EXERCISE GOAL:
Restate, word for word and with no pictures, the stretch of lines in the data below that begins at the line with "0252910720W MEYLE Колодки" and ends at the line with "Sac � bandouli�re Aglae Black", inclusive.

DATASET ENTRIES:
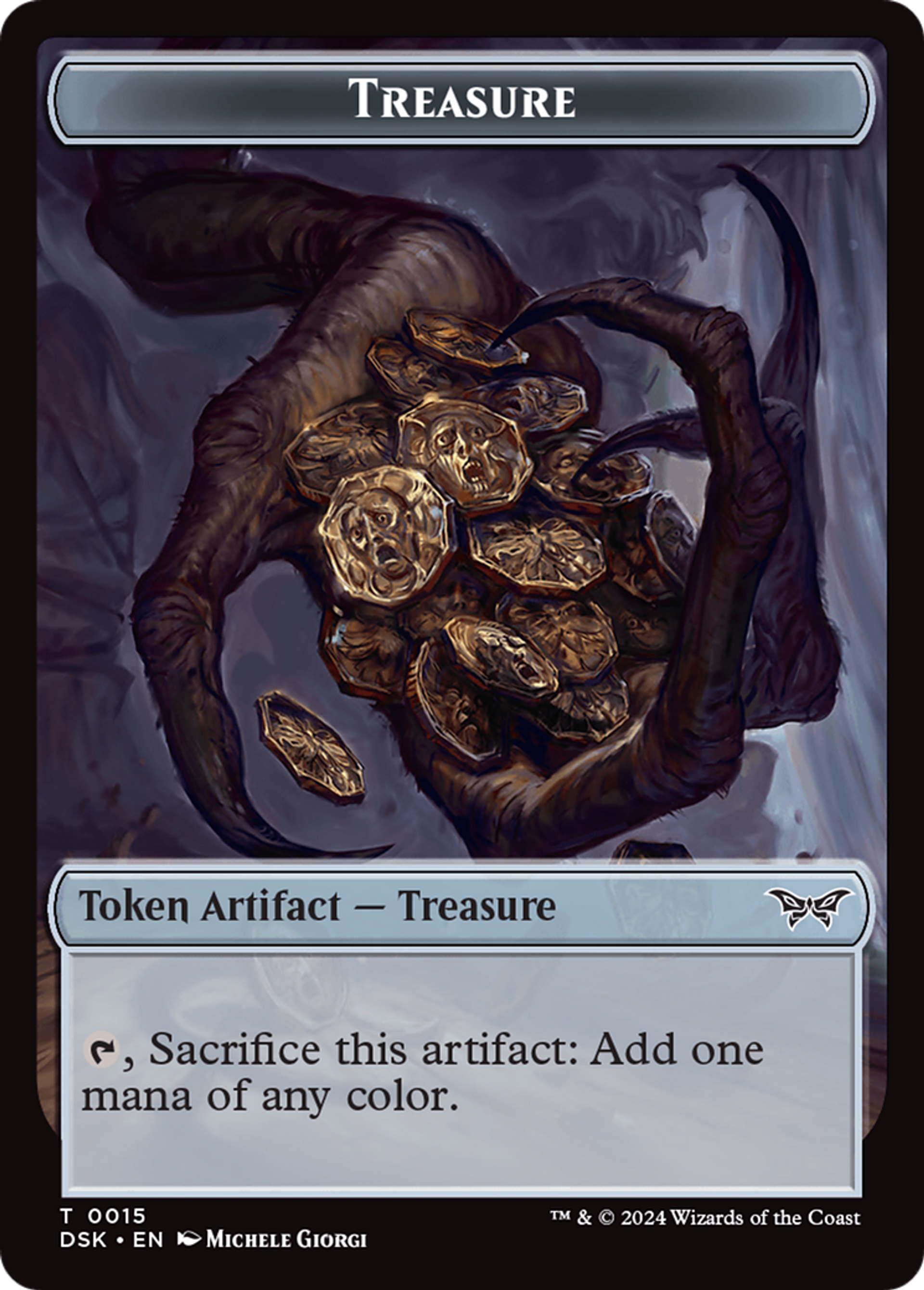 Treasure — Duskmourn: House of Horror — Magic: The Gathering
* * *
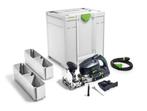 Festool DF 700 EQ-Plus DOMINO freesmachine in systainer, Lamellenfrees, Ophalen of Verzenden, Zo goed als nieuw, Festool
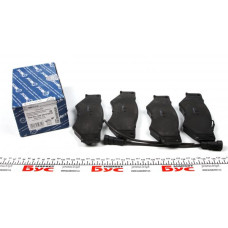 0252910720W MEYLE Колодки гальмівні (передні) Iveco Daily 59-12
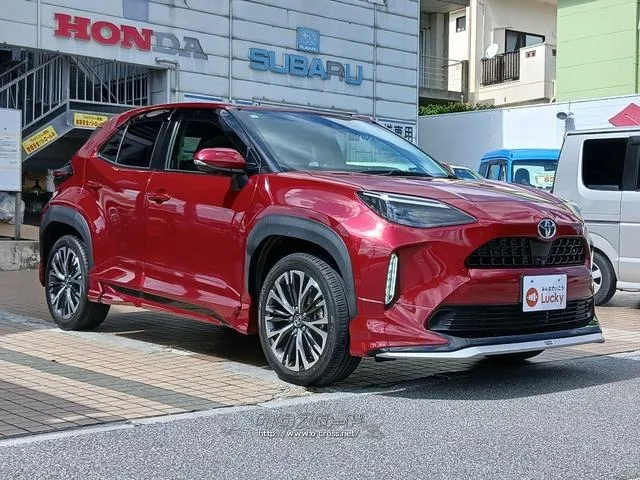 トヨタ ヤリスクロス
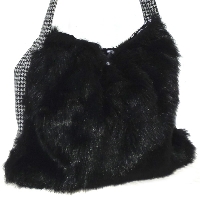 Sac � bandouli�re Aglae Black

YOUR RESPONSE:
 0252910720W MEYLE Колодки гальмівні (передні) Iveco Daily 59-12
 トヨタ ヤリスクロス
 Sac � bandouli�re Aglae Black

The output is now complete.